抑圧されすぎた環境にいたダイアナ元妃が離婚を決意するまでの過程を描いた『スペンサー ダイアナの決意』
【個人的な満足度】
2022年日本公開映画で面白かった順位:108/155
ストーリー:★★★☆☆
キャラクター:★★★★☆
映像:★★★☆☆
音楽:★★★☆☆
映画館で観たい:★★★☆☆
【作品情報】
原題:Spencer
製作年:2021年
製作国:ドイツ・イギリス合作
配給:STAR CHANNEL MOVIES
上映時間:117分
ジャンル:伝記映画、ヒューマンドラマ
元ネタなど:プリンス・オブ・ウェールズ「ダイアナ・フランセス・スペンサー」(1961-1997)
【あらすじ】
1991年、クリスマス。英国ロイヤルファミリーの人々は、いつものようにエリザベス女王の私邸サンドリンガム・ハウスに集まったが、例年とは全く違う空気が流れていた。ダイアナ妃(クリスティン・スチュワート)とチャールズ皇太子(ジャック・ファーシング)の仲が冷え切り、不倫や離婚の噂が飛び交う中、世界中がプリンセスの動向に注目していたのだ。
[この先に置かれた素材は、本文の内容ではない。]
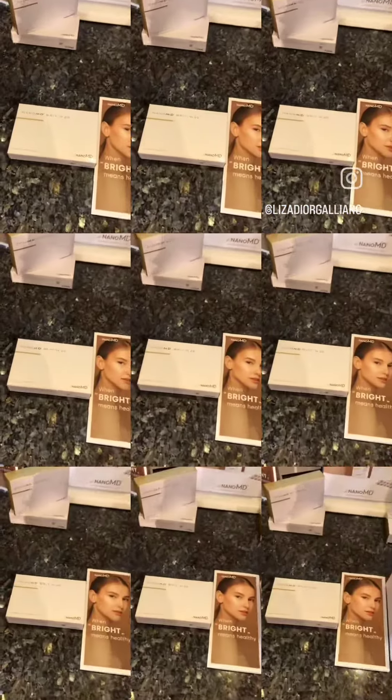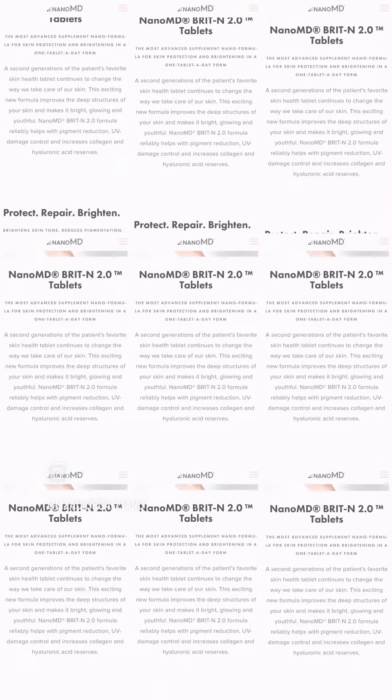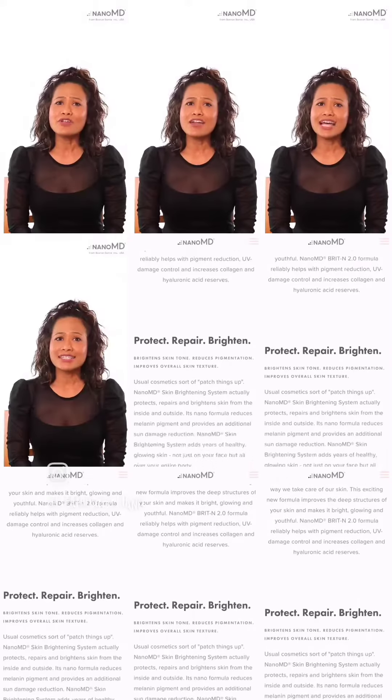It includes a systemized medical-grade, nanotechnology-based tablet that you swallow once a day. The Brighton 2.0 tablets are packed with a blend of nano-formulated extract that reprograms the pigment production by targeting the very core of your skin cells.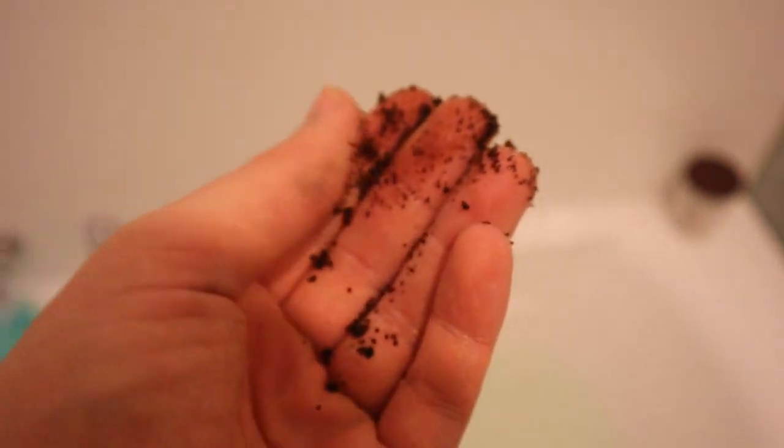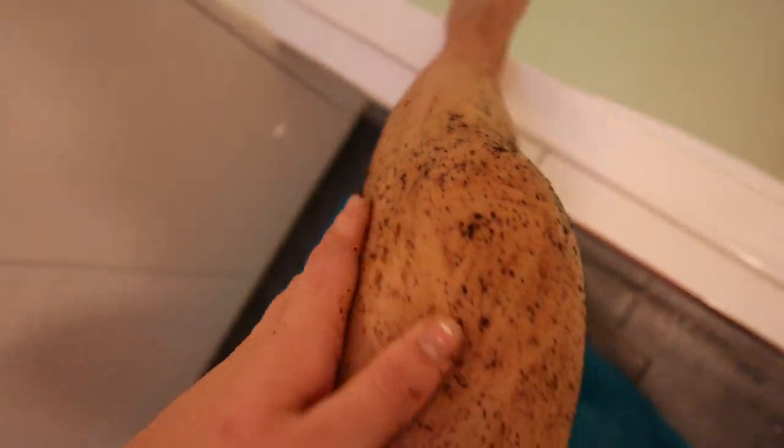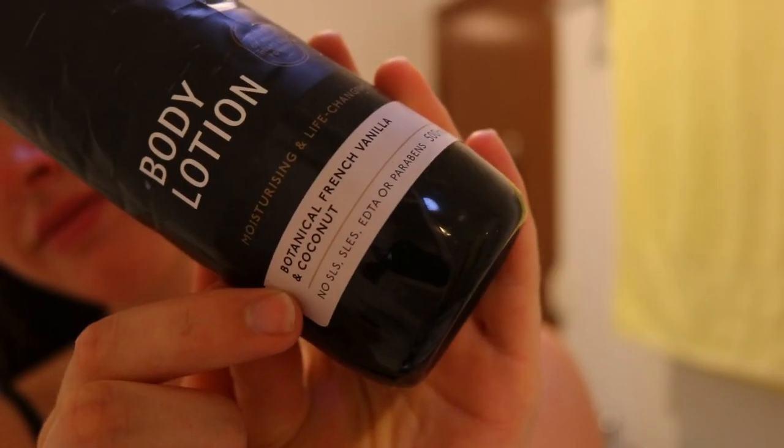For my full body cleansing routine I go in with this coffee scrub that my sister also made — you can get them online as well. There is nothing better than a good coffee scrub. The benefits of using a coffee scrub on the body are that it reduces inflammation, improves blood circulation, gives a youthful radiant glow, removes dead skin cells as an exfoliant, reduces puffiness, improves skin texture, and reduces the appearance of cellulite. I apply it all over my body and you guys can do this in the shower as well. It makes you smell like coffee, which I absolutely love.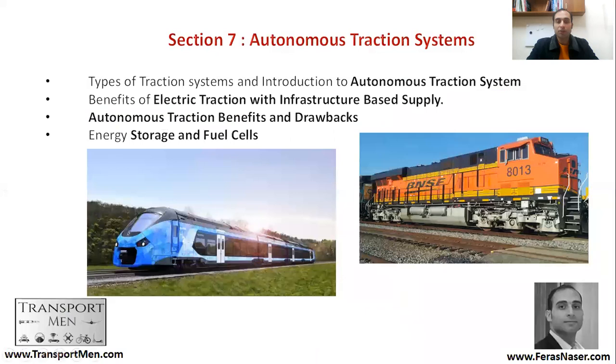In this section we'll be talking about types of traction systems and an introduction to autonomous traction systems. We'll be talking about benefits of electric traction with infrastructure-based supply, autonomous traction benefits and drawbacks, and also energy storage and fuel cells. With this you will have a very good introduction to different types of systems — the benefits and drawbacks of both electrified and autonomous systems.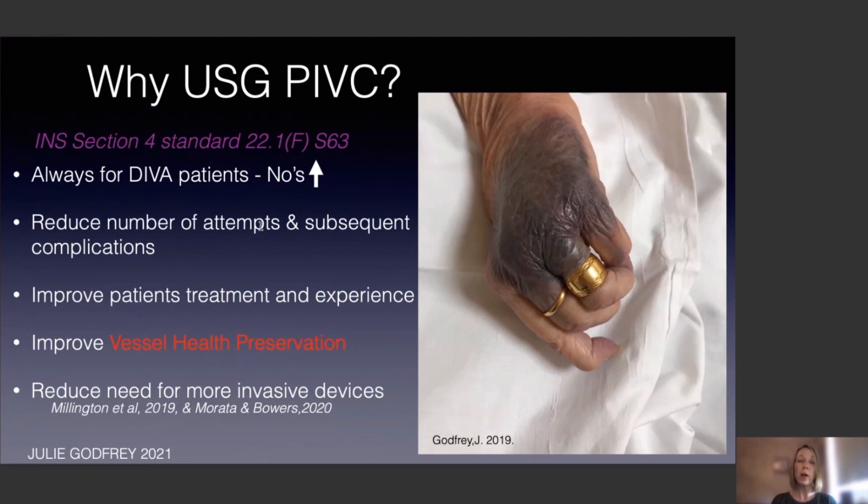In real practice, one cannula per stay would be great, but in real terms that doesn't always happen. Alongside this, we're also seeing an increased number of patients who we consider to be DIVA — difficult IV access patients — those without any palpable or visible veins, as well as those with difficult access due to obesity, diabetes, vessel disease, IV drug abuse, and many other conditions, making our jobs as vascular access nurses much more complicated.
ダイアナにとって、2人の息子たちと過ごすひと時だけが、本来の自分らしくいられる時間だった。息がつまるような王室のしきたりと、スキャンダルを避けるための厳しい監視体制の中、身も心も追い詰められてゆくダイアナは、幸せな子供時代を過ごした故郷でもあるこの地で、人生を劇的に変える一大決心をする。
【感想】
今年2本目ですね。ダイアナ元妃を扱った映画は。9月30日に公開された『プリンセス・ダイアナ』がドキュメンタリーだったのに対し、こちらは伝記映画(といっても実話を元にした寓話)です。現時点で配信で観られるダイアナ元妃に関する映画は全部観たのですが、大体が離婚してから死ぬまでを扱うものが多かったです。その一方、本作はその離婚に至る経緯を描いた新しい視点だなと感じました。
<クリスティン・スチュワート演じるダイアナ元妃>
今回、ダイアナ元妃を演じたのはクリスティン・スチュワート。『トワイライト』シリーズや『チャーリーズ・エンジェル』(2019)で有名な女優さんですね。2013年の『ダイアナ』ではナオミ・ワッツが演じていたけど、見た目的には今回のクリスティン・スチュワートの方が本人に近かったなと感じました。演技もよかったですね。ストレスが溜まり、今にも爆発してしまいそうな心境をうまく表現していたと思います。
<ダイアナ元妃に関する知識があった方が楽しめる>
ストーリー的には事実ベースになるので、淡々とした展開ではあります。ただ、ダイアナ元妃の人生をある程度知っているのであれば、それなりに楽しめるんじゃないかと思いました。幸い、僕はダイアナ元妃に関する映像作品を観ていたので、あまり細かく語られていなかった離婚の決意に至るところが知れてよかったですが、もしダイアナ元妃についての知識がほぼなく、この映画から入るとちょっとよくわからないかもしれません。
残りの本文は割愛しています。